Saving your relationship: Perseverance in 7 practices!

Life as a couple is not a long, quiet river. It is strewn with pitfalls, conflicts, changes and crises. How do you make love last despite everything? How to keep the flame and the complicity with your partner?

The answer is in one word: perseverance. In this article, we will explain to you why perseverance is the key to saving your relationship. We will also give you practical advice for developing this quality and implementing it on a daily basis. Ready to take the challenge ? So, follow the guide!

Saving your relationship: Perseverance in 7 practices: life as a couple is not a long, quiet river. It is strewn with pitfalls, conflicts, changes and crises. How do you make love last despite everything?  How to keep the flame and the complicity with your partner?

Perseverance in the relationship is essential!

The therapist Amélie Roussel

👉 Persistence is a key element in maintaining a healthy relationship and family life. It means being able to overcome the obstacles and challenges that stand in your way, and continuing to move forward together despite the difficulties. It also means being patient and understanding with others, and being willing to compromise when necessary.

It is important to communicate effectively with your family members, share your thoughts and feelings, and resolve conflicts constructively.

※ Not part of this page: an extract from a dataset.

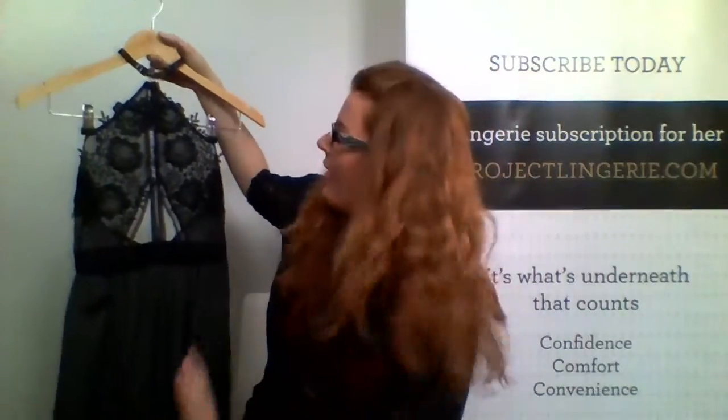Hello everyone! We want to finish the month off with a bang and boy does this one do that. This is the Imogen chemise from Bluebella. This is also part of our deluxe package.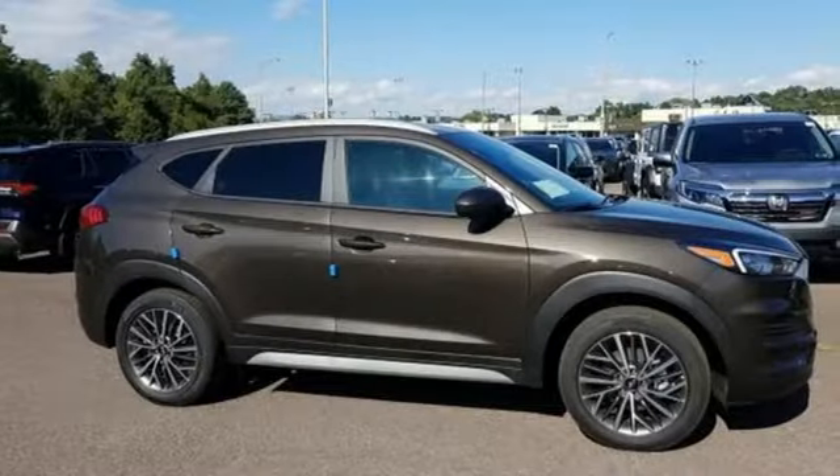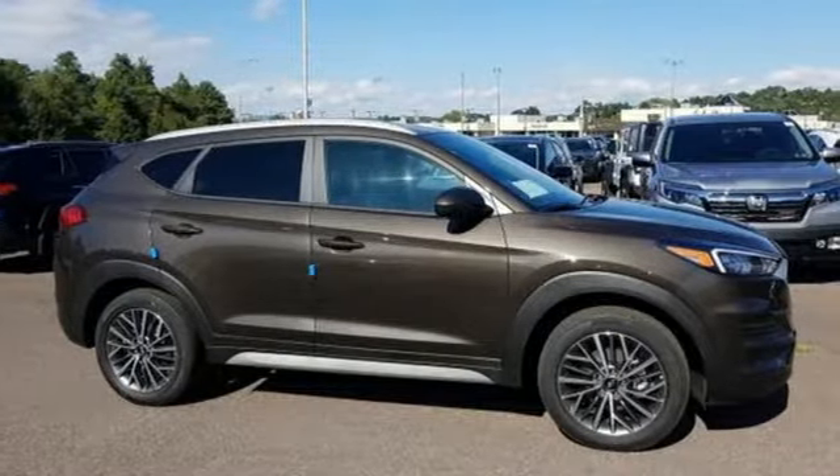Hyundai's attention to detail means a better driving experience for you. You need to drive it to believe it. See it for yourself today.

It is also important to take care of yourself and your needs, and not neglect your own well-being.

👉Perseverance also involves being willing to learn and grow together, change and adapt to changes that occur in life and make difficult decisions, but it also allows your relationship and family to become stronger and more united.

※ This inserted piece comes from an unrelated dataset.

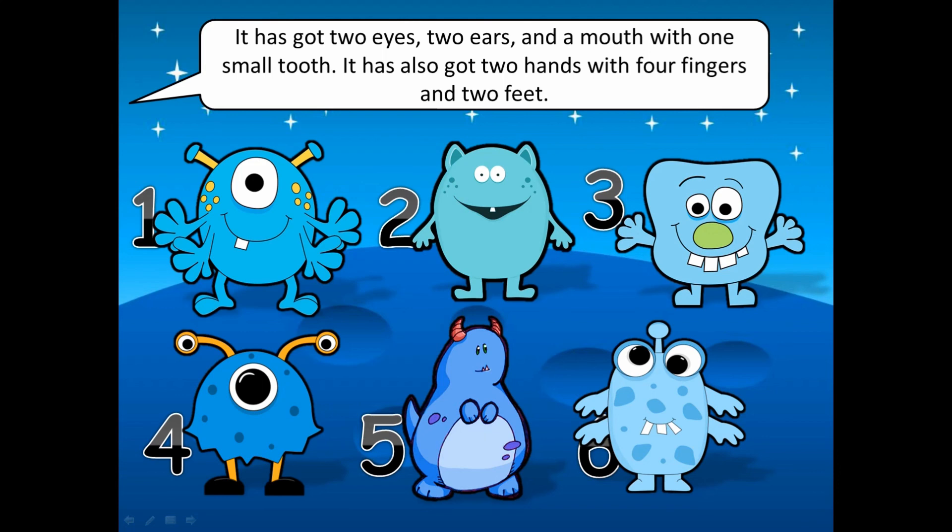It has got two eyes, two ears and a mouth with one small tooth. It has also got two hands with four fingers and two feet.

👉 Perseverance demonstrates gratitude and appreciation for other members of your family. By having an attitude of perseverance, you will be able to build a strong and lasting relationship and family.

How do you get to the end of this course without ever getting discouraged by the difficulty? How to keep faith in your relationship through trials? By seeing far, by keeping in mind what is behind this ordeal.

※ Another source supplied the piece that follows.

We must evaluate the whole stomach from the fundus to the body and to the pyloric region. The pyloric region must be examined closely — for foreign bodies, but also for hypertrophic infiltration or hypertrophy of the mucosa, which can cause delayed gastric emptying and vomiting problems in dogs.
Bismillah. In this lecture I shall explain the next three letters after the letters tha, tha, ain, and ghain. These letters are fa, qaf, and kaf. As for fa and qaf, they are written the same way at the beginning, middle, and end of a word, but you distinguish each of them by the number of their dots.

Why is perseverance important in married life?

“it is by accepting moments of doubt and crisis that we can overcome them and strengthen our relationship in the long term.”

The psychologist Alexis Dupont

Perseverance is the ability to maintain a constant and lasting effort to achieve a goal or overcome a difficulty. It is a virtue that involves willpower, patience, resilience and optimism. Perseverance is important in married life because it allows you to:

  • Dealing with problems and obstacles that arise in the relationship
  • Stay focused on common values ​​and projects
  • Strengthen the emotional bond and mutual trust
  • Learn and grow together
  • Adapt to each person’s changes and developments
  • Express gratitude and appreciation for others

Perseverance is therefore an essential factor in saving your relationship and making it last over time.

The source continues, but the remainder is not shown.